Strom statt Sprit soll den Verkehr klimafreundlich machen. Alles elektrisch, alles gut? Ganz so einfach ist es leider nicht. Für das Klima macht es einen großen Unterschied, ob wir mit Bus, Bahn oder Auto elektrisch unterwegs sind. Warum?

E-Fahrzeuge sind so sauber wie der Strom, den sie laden, heißt es oft. Doch das stimmt nur halb. Aktuell stammt in Deutschland rund die Hälfte der elektrischen Energie aus erneuerbaren Quellen. Im windreichen Schleswig-Holstein wird sogar viel mehr Ökostrom produziert, als wir verbrauchen. Also freie Fahrt fürs Elektro-SUV?

Klimabilanz: Die Masse machts

Besser nicht. Denn bei E-Fahrzeugen hängt die Klimabilanz wesentlich von der Batterieproduktion ab. Das gilt für Autos wie für Bus und Bahn. Der entscheidende Unterschied: die Menge an Fahrzeugen. Nehmen wir das Beispiel Kiel: Dort fahren 215 Busse der Kieler Verkehrsgesellschaft (KVG), jeder vierte bereits elektrisch, – und 90.000 Autos mit KI-Kennzeichen.

 

E-Busse werden in Kiel über Stromabnehmer auf dem Dach geladen. In weniger als zehn Minuten ist der Akku voll – das reicht für rund 80 Kilometer.

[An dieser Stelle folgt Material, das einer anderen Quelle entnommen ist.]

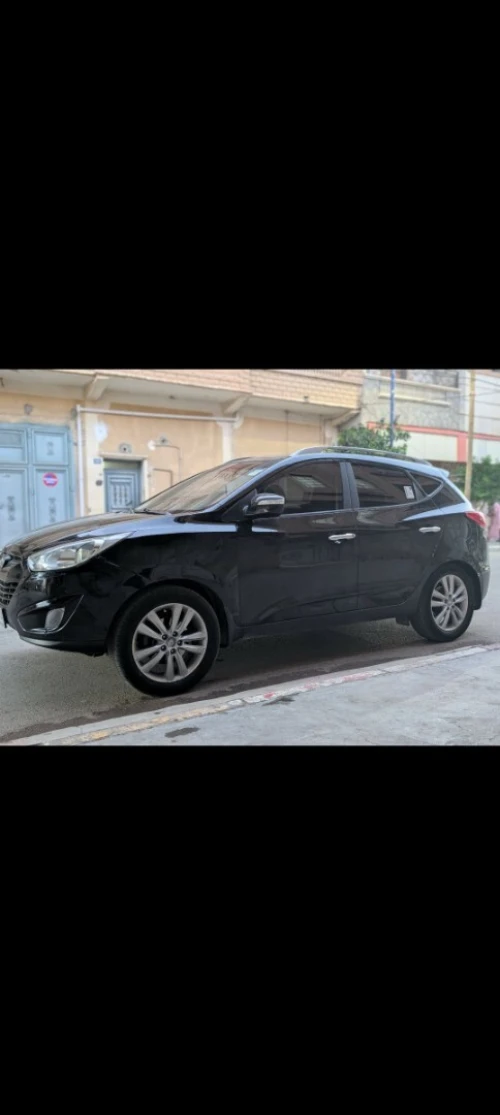 Hyundai Tucson 2011 Tucson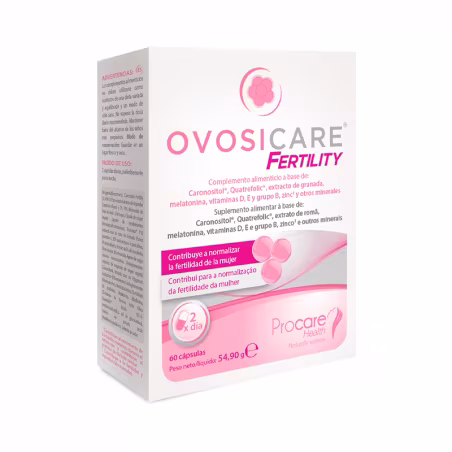 Ovosicare Fertility 60 Capsules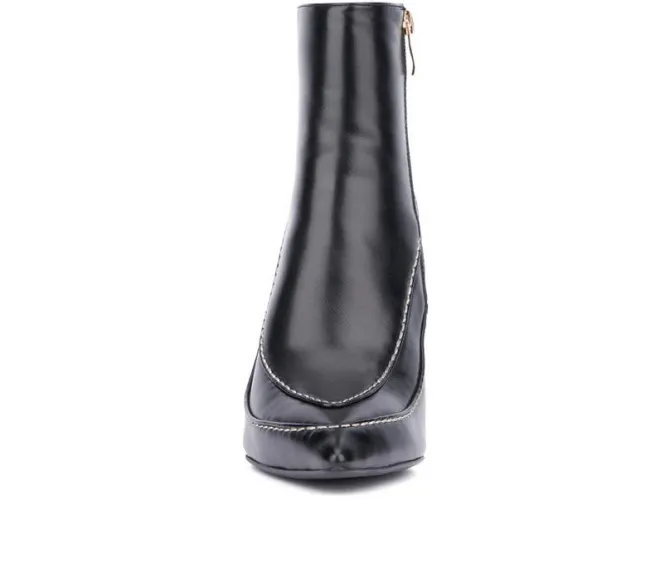 Women's Torgeis Sophie Heeled Booties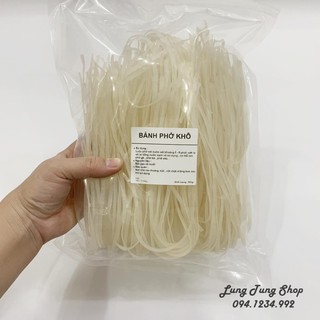 Sợi phở khô - Bánh phở khô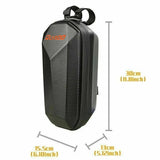 Kick Scooter Front Handle Bag 4L MTB Hard Case Charger Storage Pouch Holder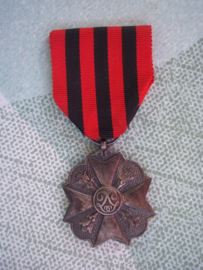 Belgische burgelijke medaille 2e klasse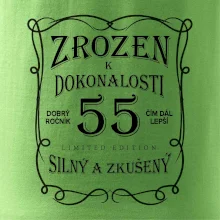 Zrozen k dokonalosti 55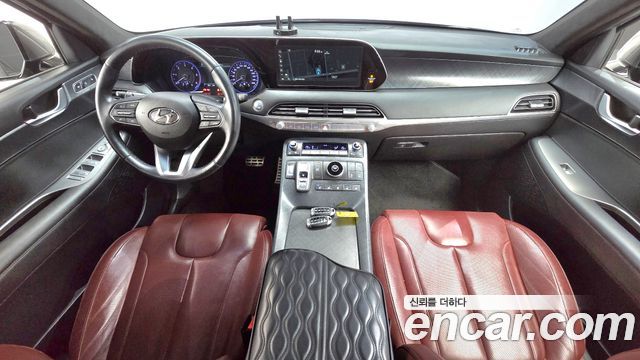 Hyundai Palisade 2019 — photo 7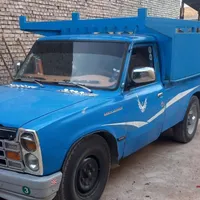 حمل بار با نیسان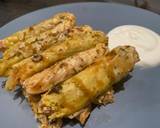 A picture of step 8 of Lebanese stuffed cabbage rolls - malfouf mahshi.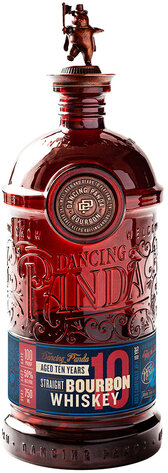 Dancing Panda Straight Brbn 10yrs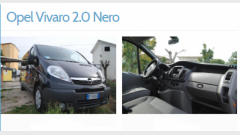 Opel Vivaro combi - Fermo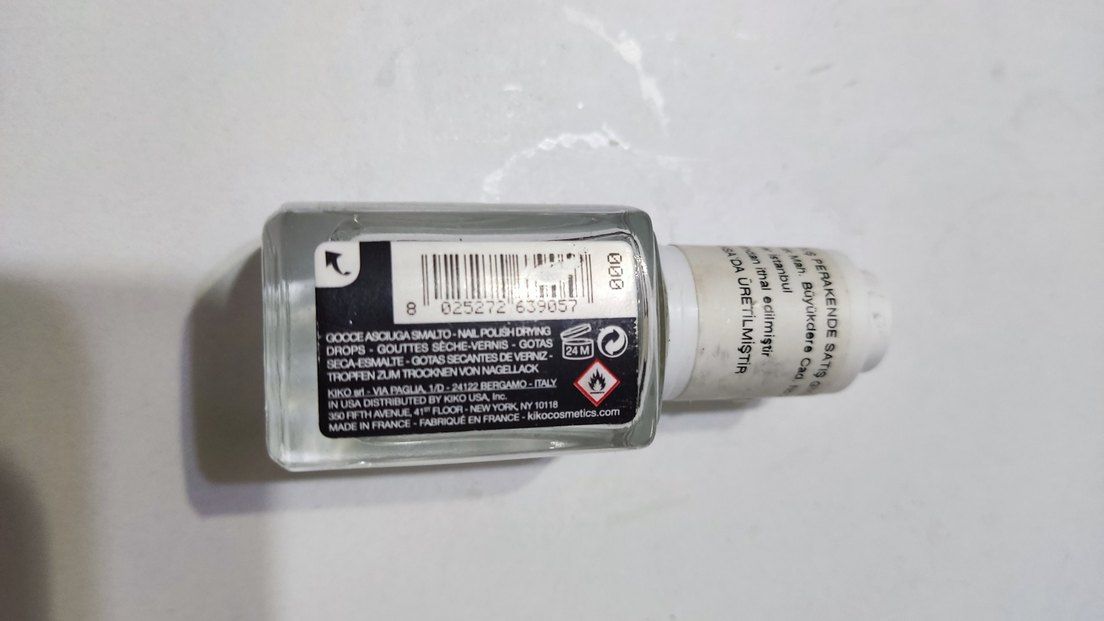 Kiko Milano Oje Kurutucu - Görsel 4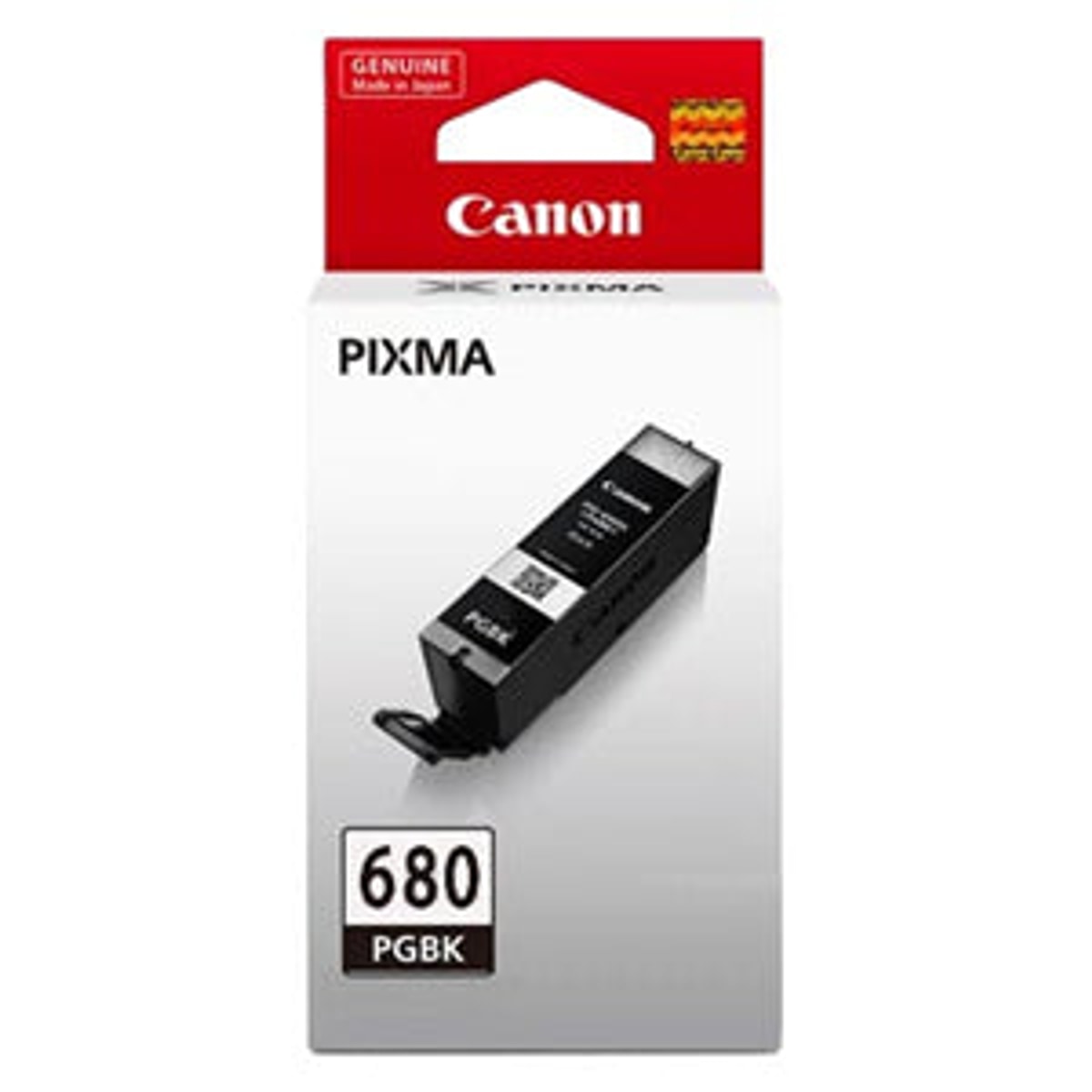 INK CART OEM CANON PGI680PGBK BLACK INK CARTRIDGE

 Jetzt wird gerechnet: Im langen Elektro-Gelenkbus wiegen die Batterien (168 Kilowattstunden) rund zwei Tonnen. Beim VW-Stromer ID.4 entfällt mehr als eine halbe Tonne auf den Akku (77 Kilowattstunden). Wenn die Kieler Autofahrer*innen auf Stromer von VW, Tesla und Co. umsteigen würden, müssten etwa 45.000 Tonnen Batterien energieintensiv produziert werden. Bei den großen E-Bussen wären es dagegen 430 Tonnen. Klingelt der Klimagroschen? Wenn die Autofans auf die Öffentlichen umsteigen – klar, dann braucht es auch mehr Busse und Bahnen. Ebenso klar ist: Das Klima retten wir mit dem öffentlichen Nahverkehr und nicht mit E-Autos.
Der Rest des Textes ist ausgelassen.